Plus, IRR doesn’t function in a vacuum. The metric is most meaningful when accompanying other measurements of return, particularly those that offer dollar-value results.

But all of this doesn’t make IRR useless. In fact, it’s just the opposite—with IRR as an essential ingredient in a CRE fund’s toolkit.

Understanding the differentiators and limitations of IRR for commercial real estate is important, but what about implementing it as a tool for assessing funds over time? That’s where key deal management software comes into play.

What to know about systematizing fund IRR with CRE software

The whole goal of tracking data like fund-level IRR is to leverage what you learn. It’s not the numbers themselves, but the informed lending decisions you make with the data in mind, and the reduced risk you take on as a result.

Fact: Asset managers, lenders, and other related players in the CRE market play a big role in the industry.

Another fact: Those same professionals have a lot of skills to put to use, which tedious, risk-prone data entry tasks eat into.

If one of your goals is to boost fund IRR, systematizing the analytical process with CRE software is a necessary step.
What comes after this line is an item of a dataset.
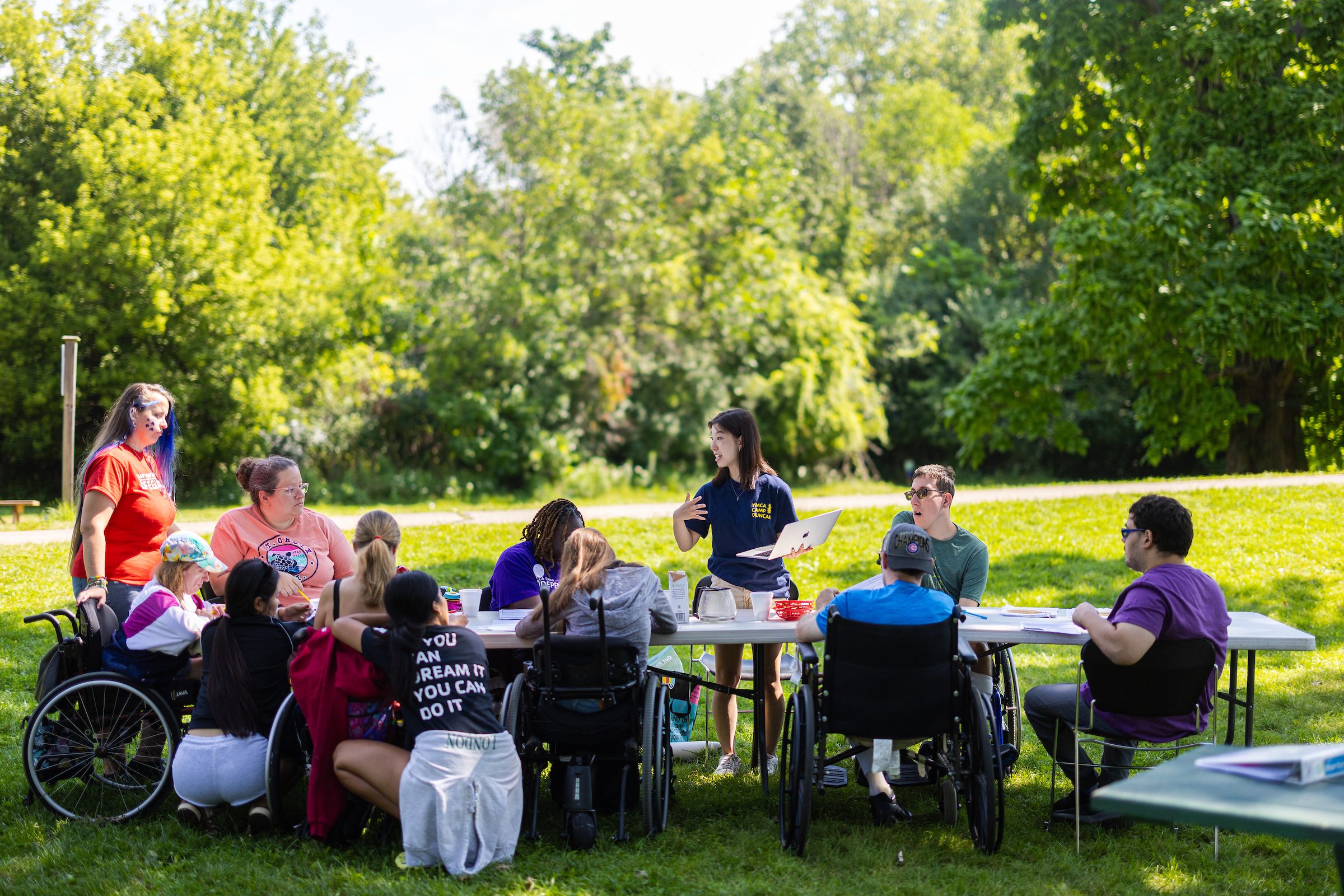 A group of people using wheelchairs sit outdoors at a picnic table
With Built, a real estate software for investors, the process of using automated systems to track fund IRR also happens to involve creating more efficiencies throughout the process (like we said, IRR doesn’t function in a vacuum, and neither does the software that tracks it).
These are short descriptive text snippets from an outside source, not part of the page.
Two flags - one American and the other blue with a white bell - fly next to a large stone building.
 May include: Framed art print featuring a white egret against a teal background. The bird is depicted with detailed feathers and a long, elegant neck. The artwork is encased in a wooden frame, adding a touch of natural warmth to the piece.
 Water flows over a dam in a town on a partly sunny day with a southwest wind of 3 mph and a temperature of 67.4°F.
For example: Excel can become messy and time-consuming. Built’s IRR module eliminates the need for manual tracking by providing a live, real-time updated data feed from the client’s servicer. In addition to saving time, this reduces the risk of human error and ensures accurate, up-to-date performance tracking. Plus, dialing in profitability using the IRR module is likely to increase margins across a financial institution’s lending portfolio.
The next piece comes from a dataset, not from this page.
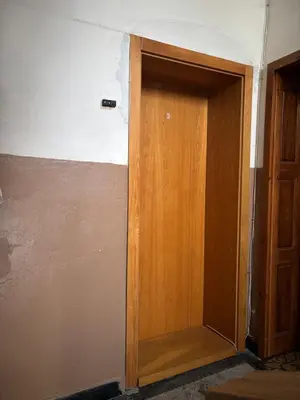 a wooden door in a room with a wall at Groovy Olive Apartment in Troyan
As you gain a bird’s eye view of your portfolio, you induce operational transparency. This informs your predictive analytics and helps you gain the upper hand in a competitive and ever-changing capital environment.

How IRR, the deal management process, and CRE tech all fit together

If you were to throw deal management, IRR, and CRE software on a Venn diagram, where would they overlap? The Reuleaux triangle—aka the place where all three overlap—would be “assessing profit and risk.”

Looking at fund IRR for commercial real estate from this perspective, it’s easy to see that integrating the right software is an indispensable part of the pipeline. After all, the software has the same intentions as the metrics you may have been using on Excel this whole time and the deal management process your empire is built on.

The indispensable nature of using software to track data and inform expert decisions is especially true in the current economic climate. In a time when next year’s inflation rate may look wildly different from this year’s (and both of which look wildly different from historical averages), making efficient use of metrics like fund IRR, which takes time value of money into account, just makes sense.

Commercial real estate tech like Built, for example, provides CRE lenders the right tools to manage participations and syndications, low-income housing tax credit requirements, and other complex capital stacks.

Additionally, asset managers get the upper hand by utilizing a digital platform for construction loan administration that allows them to track pertinent metrics like IRR, which often serve as a deciding factor for investments.

At the end of the day, fund IRR for commercial real estate plays a pivotal role in a portfolio, and its functions at the fund level are perhaps even more memorable. As decision-makers seek ways to stay ahead, deal management software and fund IRR work alongside one another to provide the foundation for accurate projections.